Lord Harmsworth: From the point of view of an employer someone's appearance may be important. An employer has a right to expect a standard which would not upset a customer. From that point of view an employee's appearance may be relevant. I personally think that too much attention should not be paid to the kind of controls which this part of the Bill provides because reasonableness usually prevails.

Lord Mackay of Ardbrecknish: My noble friend has just made a common-sense point. Amendment No. 32 seeks to remove an important provision from the Government's amendment and so from the Bill. I wish to give the Committee a quick and clear indication of our intentions in this area. I am sure that the Committee will agree with me that the majority of jobseekers are committed to looking for work and make every effort to try to find a job. They would not dream of undermining their chances of obtaining a job by their behaviour or by deliberately presenting a certain appearance or dressing in a certain way which they knew would make them unacceptable to the employer.
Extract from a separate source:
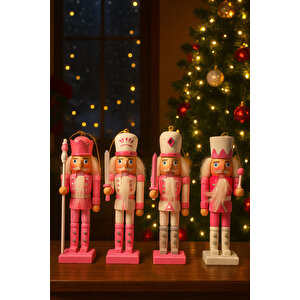 Premium Collection 4'lü 13,5 Cm Kurşun Asker Seti Dekoratif Yılbaşı Süsü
However, there are unfortunately a few people who are not prepared to put their best efforts into finding work and who are prepared to sabotage their chances of finding employment. It is surely right that if someone undermines his chances of obtaining employment—for example, by being abusive to an employer at a job interview—he should certainly not be able to claim that attending that interview is an active job step. We want to make sure through the regulations that people in this minority group cannot, on the one hand, undermine their chances of getting a job while still claiming that the very activities that they have undermined are active jobsearch steps.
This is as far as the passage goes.